Given records
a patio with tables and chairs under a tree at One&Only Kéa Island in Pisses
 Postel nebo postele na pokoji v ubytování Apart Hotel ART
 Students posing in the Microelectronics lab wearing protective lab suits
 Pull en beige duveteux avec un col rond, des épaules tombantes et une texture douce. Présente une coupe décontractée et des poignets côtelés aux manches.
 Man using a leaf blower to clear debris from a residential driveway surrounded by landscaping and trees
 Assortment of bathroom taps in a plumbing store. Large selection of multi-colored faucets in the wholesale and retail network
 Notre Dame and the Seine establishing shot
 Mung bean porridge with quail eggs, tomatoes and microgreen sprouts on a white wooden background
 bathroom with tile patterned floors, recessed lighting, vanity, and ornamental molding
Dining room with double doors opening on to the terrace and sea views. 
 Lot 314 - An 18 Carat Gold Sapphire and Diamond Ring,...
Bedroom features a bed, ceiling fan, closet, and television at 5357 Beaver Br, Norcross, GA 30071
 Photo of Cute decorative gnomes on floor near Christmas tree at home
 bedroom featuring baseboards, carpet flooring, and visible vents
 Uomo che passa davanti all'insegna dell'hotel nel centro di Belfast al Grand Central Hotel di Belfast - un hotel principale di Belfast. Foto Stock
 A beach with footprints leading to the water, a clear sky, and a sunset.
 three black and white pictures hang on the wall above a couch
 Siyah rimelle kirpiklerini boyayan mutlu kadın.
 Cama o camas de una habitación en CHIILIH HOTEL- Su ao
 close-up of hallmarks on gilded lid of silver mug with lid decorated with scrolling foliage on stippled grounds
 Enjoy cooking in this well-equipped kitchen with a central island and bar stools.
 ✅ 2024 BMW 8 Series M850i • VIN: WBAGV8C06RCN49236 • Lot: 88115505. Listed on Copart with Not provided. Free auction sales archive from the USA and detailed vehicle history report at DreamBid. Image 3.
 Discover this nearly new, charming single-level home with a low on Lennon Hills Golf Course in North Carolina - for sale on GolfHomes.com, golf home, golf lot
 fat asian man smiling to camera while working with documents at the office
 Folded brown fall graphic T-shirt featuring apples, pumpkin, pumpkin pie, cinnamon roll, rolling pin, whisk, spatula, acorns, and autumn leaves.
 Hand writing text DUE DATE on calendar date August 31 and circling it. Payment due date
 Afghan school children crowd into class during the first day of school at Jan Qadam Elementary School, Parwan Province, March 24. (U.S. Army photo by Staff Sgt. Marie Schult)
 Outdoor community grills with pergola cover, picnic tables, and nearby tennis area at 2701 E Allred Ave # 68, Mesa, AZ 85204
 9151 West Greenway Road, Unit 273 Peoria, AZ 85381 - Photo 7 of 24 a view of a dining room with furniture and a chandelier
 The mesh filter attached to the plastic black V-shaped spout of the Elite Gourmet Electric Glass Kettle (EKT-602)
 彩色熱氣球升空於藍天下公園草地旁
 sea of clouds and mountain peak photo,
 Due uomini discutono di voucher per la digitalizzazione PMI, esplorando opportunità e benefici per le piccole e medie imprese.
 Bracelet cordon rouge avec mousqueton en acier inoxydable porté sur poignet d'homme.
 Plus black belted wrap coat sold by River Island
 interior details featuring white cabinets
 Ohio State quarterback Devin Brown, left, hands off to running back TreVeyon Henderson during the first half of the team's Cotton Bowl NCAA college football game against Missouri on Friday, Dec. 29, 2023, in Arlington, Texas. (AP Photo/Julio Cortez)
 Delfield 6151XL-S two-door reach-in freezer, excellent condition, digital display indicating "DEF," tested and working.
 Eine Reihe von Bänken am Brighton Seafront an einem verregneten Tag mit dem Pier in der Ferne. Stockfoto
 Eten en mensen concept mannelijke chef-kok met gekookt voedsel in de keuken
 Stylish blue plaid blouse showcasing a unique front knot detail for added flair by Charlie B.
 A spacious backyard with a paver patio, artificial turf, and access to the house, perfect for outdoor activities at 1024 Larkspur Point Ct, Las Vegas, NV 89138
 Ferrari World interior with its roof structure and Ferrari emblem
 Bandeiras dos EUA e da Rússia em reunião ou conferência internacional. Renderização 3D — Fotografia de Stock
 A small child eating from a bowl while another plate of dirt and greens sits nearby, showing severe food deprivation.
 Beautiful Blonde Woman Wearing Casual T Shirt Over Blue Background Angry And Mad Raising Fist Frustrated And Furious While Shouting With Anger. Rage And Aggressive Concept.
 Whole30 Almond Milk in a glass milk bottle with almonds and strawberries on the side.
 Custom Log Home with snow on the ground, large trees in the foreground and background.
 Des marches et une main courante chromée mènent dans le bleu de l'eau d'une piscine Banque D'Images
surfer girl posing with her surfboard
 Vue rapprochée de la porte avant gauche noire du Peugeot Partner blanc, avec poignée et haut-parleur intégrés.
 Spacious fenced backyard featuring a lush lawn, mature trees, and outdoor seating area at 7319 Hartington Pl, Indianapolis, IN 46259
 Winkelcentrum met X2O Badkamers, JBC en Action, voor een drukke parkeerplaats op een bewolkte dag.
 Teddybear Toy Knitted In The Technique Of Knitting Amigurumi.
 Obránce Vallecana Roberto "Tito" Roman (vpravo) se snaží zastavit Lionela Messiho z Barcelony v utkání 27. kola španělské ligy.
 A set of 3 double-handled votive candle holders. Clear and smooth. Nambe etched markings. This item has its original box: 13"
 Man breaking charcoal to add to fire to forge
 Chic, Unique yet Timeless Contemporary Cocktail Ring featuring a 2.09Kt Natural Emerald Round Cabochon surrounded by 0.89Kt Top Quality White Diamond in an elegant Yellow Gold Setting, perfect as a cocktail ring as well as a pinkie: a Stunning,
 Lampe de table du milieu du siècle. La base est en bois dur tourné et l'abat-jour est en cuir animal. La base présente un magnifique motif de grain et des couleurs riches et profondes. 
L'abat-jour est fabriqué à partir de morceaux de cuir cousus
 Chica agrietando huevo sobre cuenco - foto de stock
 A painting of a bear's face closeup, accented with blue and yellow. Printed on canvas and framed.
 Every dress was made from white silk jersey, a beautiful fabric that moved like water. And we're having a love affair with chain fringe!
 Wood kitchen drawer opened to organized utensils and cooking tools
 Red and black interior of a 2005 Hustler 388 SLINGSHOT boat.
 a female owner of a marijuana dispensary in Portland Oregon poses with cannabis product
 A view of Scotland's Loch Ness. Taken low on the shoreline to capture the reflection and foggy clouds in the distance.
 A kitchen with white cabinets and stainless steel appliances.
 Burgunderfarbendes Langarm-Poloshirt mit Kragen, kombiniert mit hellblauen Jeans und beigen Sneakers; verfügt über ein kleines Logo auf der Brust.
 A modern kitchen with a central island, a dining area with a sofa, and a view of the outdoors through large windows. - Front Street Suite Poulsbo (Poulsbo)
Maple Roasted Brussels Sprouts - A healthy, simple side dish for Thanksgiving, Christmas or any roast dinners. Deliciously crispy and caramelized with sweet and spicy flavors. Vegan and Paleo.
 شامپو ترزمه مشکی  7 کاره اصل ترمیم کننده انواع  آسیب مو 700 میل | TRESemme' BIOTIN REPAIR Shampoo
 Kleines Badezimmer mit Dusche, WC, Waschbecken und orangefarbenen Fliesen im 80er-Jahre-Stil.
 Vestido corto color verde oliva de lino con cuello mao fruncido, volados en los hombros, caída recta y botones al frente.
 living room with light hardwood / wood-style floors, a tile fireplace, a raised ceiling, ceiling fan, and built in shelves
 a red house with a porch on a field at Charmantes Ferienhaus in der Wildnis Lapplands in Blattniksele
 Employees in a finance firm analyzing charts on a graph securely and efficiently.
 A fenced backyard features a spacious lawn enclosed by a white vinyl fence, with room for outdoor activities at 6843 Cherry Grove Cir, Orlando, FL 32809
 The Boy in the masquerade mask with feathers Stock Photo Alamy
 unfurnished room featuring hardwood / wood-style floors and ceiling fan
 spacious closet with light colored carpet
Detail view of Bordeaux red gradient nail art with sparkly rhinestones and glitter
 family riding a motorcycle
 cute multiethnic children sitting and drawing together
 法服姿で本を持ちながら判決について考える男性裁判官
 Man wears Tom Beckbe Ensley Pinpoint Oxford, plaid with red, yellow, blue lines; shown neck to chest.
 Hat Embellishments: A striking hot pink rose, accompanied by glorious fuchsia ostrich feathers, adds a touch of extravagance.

Your task
Look above for the line containing "L'abat-jour est fabriqué" and the line containing "A painting of". Transcribe both, with the lines between them, exactly.

Your solution
L'abat-jour est fabriqué à partir de morceaux de cuir cousus
 Chica agrietando huevo sobre cuenco - foto de stock
 A painting of a bear's face closeup, accented with blue and yellow. Printed on canvas and framed.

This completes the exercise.